• [Directions for this task]
Below are some records; repeat them all exactly, minus the pictures.

• [Supplied material]
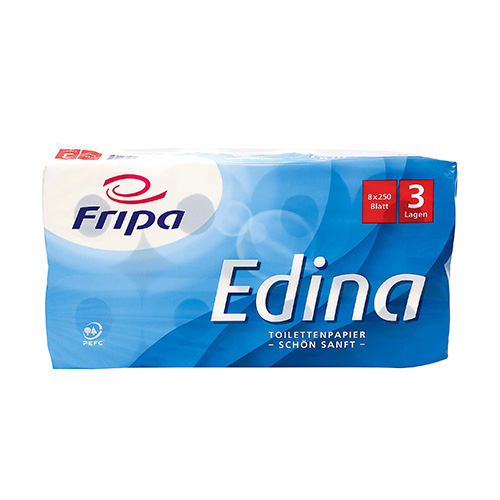 8 Rollen Toilettenpapier, 3-lagiges Tissue Ø 12 cm · 11 cm x 9,5 cm hochweiss "Edina" 250 Blatt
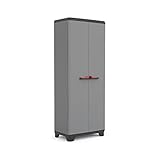 Keter Stilo Kunststoffschrank/Besenschrank, Utility, Dunkelgrau, Schwarz, Rot,...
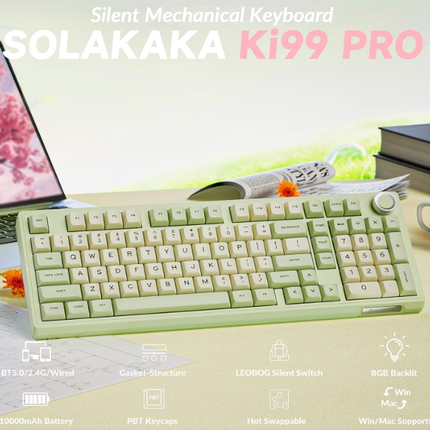 Solakaka Ki99pro 3‑Mode RGB Mechanical Keyboard,  Avocado-Green
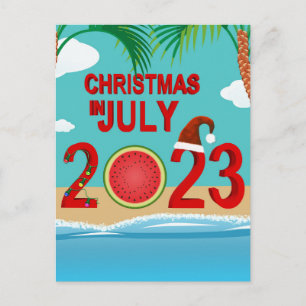 Cartão Postal De Festividades Natal em Julho 2023 Praia de Melancia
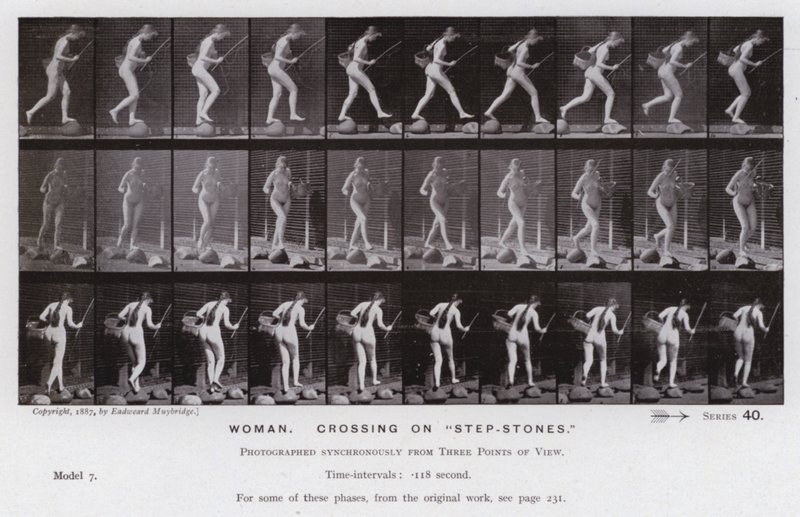 La figura umana in movimento: Donna, attraversando su "pietre di passaggio" da Eadweard Muybridge
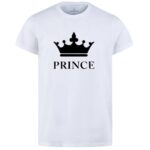 Front view of Prince and Princess white t-shirt combo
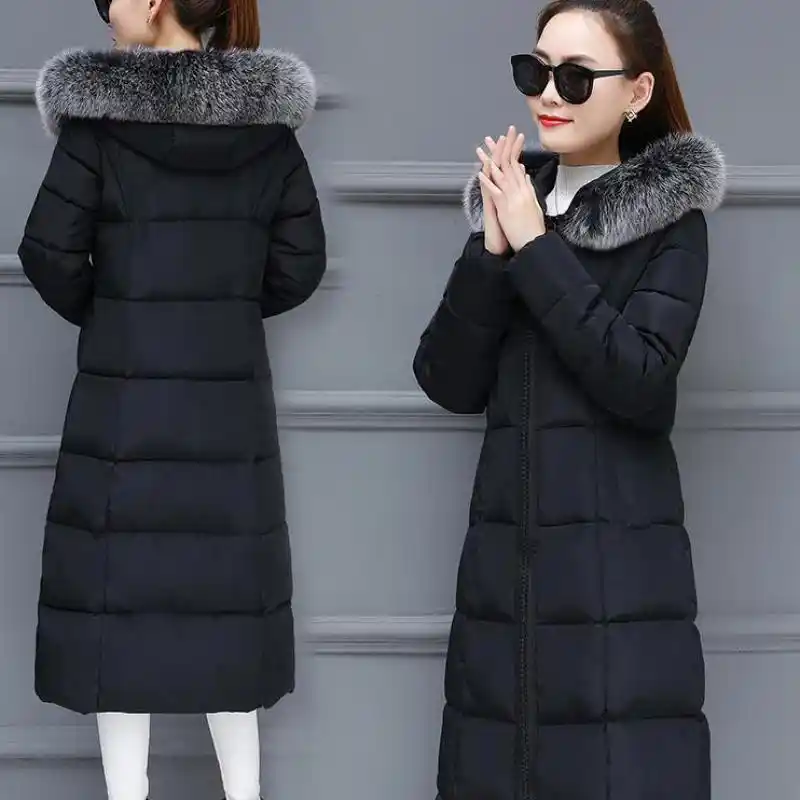 Winter jacket Women Down Jackets Fur Collar Warm Padded Cotton Coat Long Parka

• [Answer box]
 8 Rollen Toilettenpapier, 3-lagiges Tissue Ø 12 cm · 11 cm x 9,5 cm hochweiss "Edina" 250 Blatt
 Keter Stilo Kunststoffschrank/Besenschrank, Utility, Dunkelgrau, Schwarz, Rot,...
 Solakaka Ki99pro 3‑Mode RGB Mechanical Keyboard,  Avocado-Green
 Cartão Postal De Festividades Natal em Julho 2023 Praia de Melancia
 La figura umana in movimento: Donna, attraversando su "pietre di passaggio" da Eadweard Muybridge
 Front view of Prince and Princess white t-shirt combo
 Winter jacket Women Down Jackets Fur Collar Warm Padded Cotton Coat Long Parka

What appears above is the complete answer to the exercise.